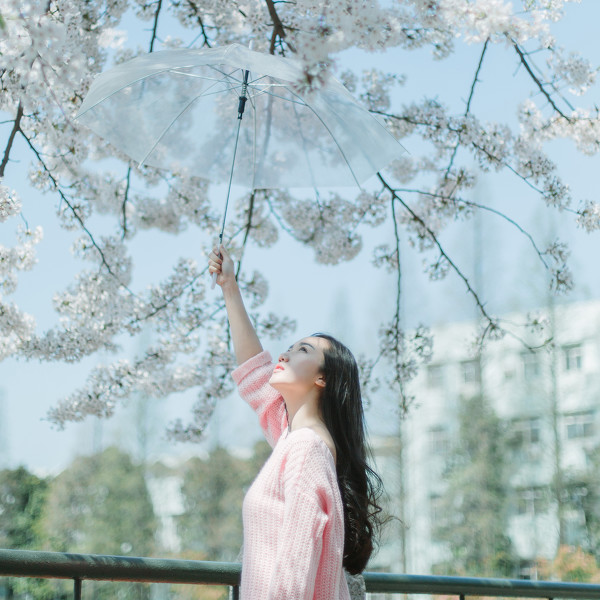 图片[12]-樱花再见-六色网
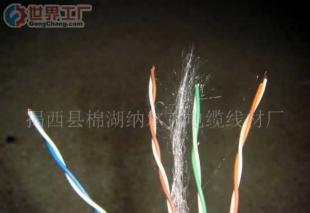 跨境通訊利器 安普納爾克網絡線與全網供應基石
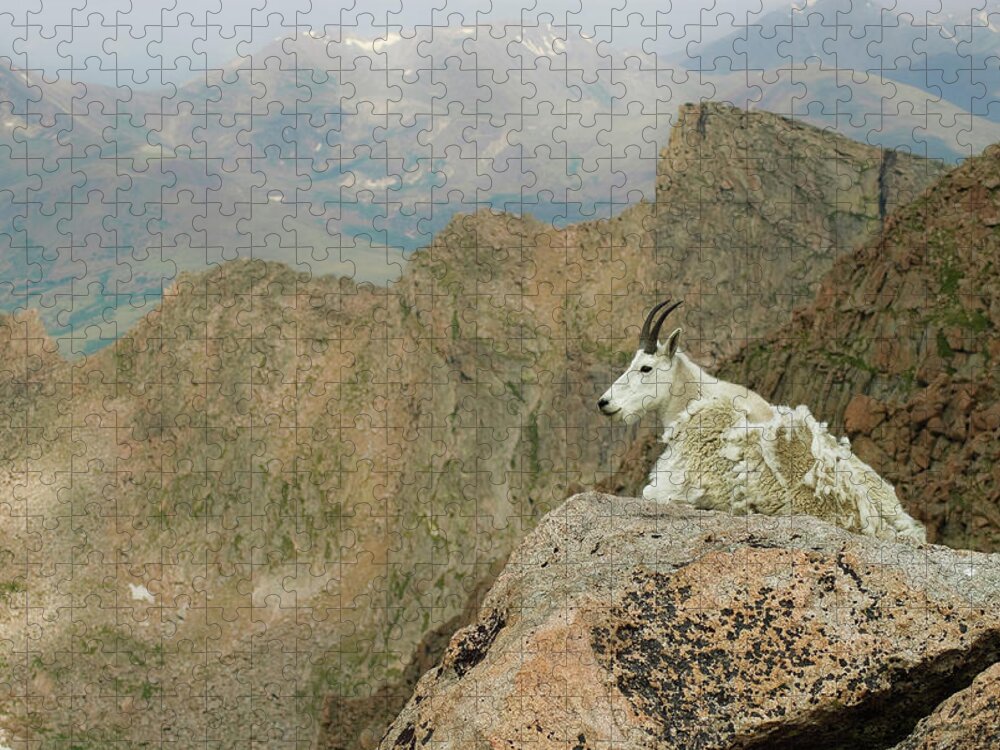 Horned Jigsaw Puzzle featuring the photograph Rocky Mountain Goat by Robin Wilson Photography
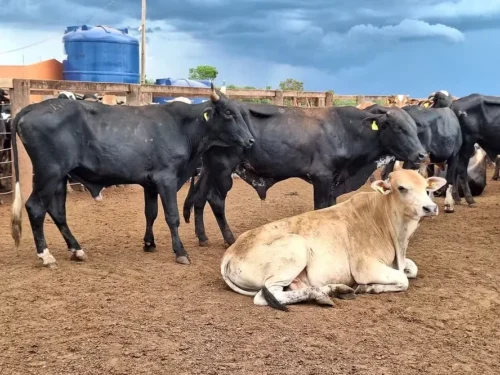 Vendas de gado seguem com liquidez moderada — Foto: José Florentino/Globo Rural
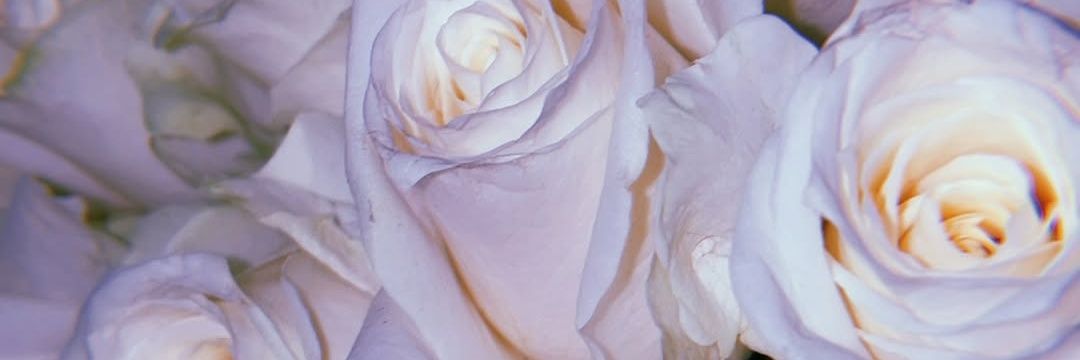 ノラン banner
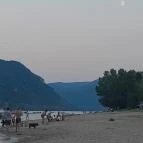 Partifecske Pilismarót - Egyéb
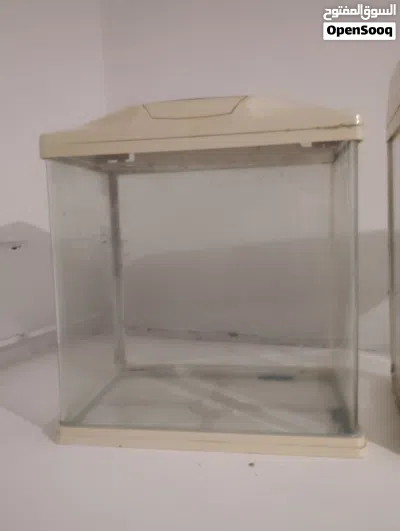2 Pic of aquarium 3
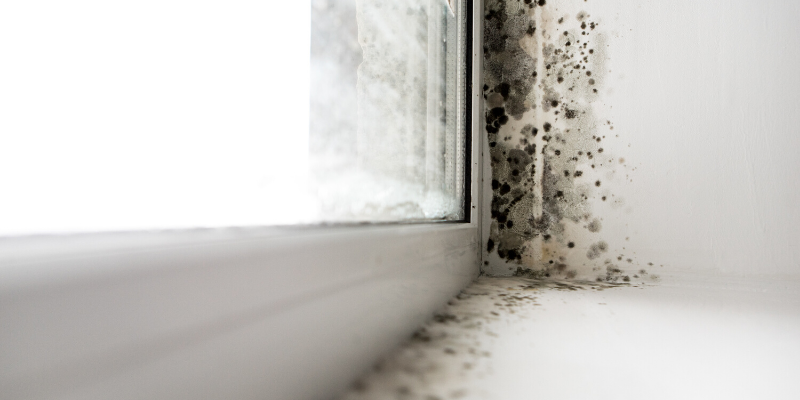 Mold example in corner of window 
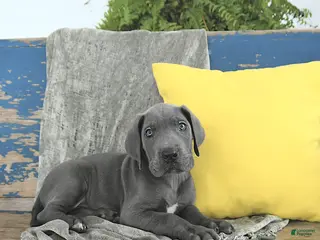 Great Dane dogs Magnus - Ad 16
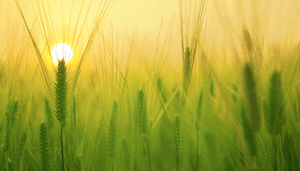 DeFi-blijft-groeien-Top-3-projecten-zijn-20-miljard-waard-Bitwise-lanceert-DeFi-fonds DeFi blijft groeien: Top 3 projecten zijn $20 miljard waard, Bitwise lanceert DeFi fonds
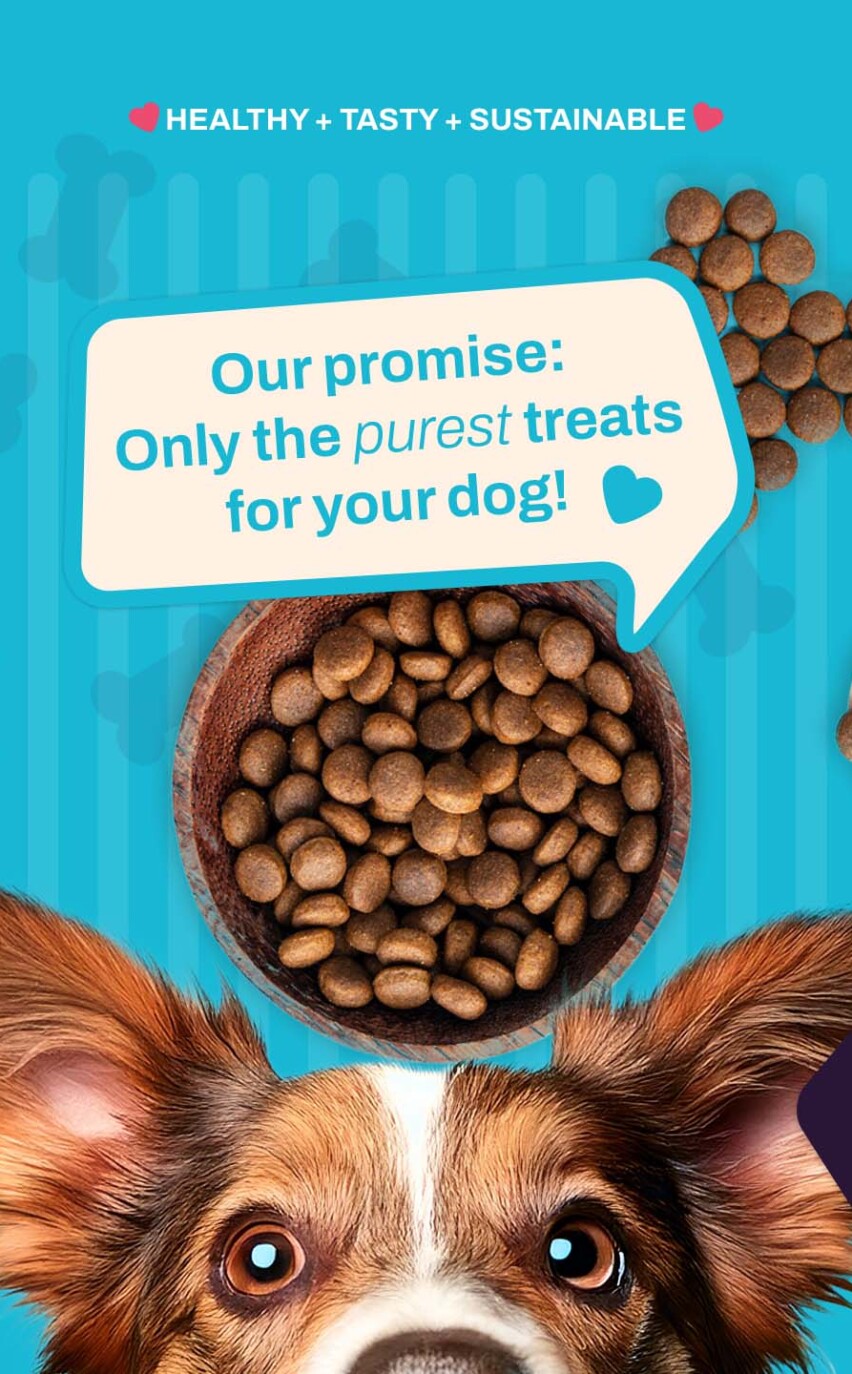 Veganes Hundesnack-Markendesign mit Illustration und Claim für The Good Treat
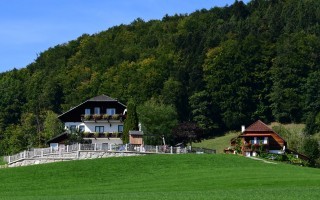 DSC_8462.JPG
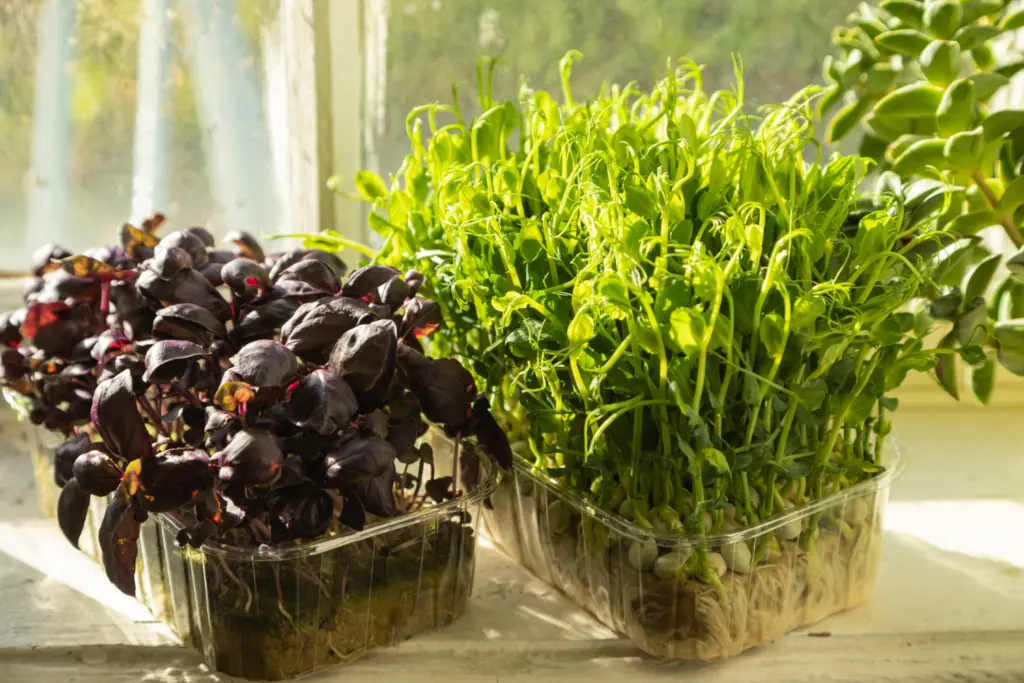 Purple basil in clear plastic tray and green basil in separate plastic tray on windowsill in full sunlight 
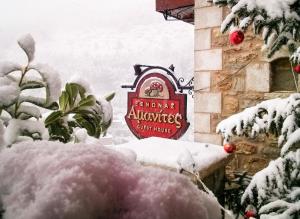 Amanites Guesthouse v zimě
----
Set down word for word, from the line that contains "Purple basil in" to the end of the listing above, every line and no picture.

## Response box
 Purple basil in clear plastic tray and green basil in separate plastic tray on windowsill in full sunlight 
 Amanites Guesthouse v zimě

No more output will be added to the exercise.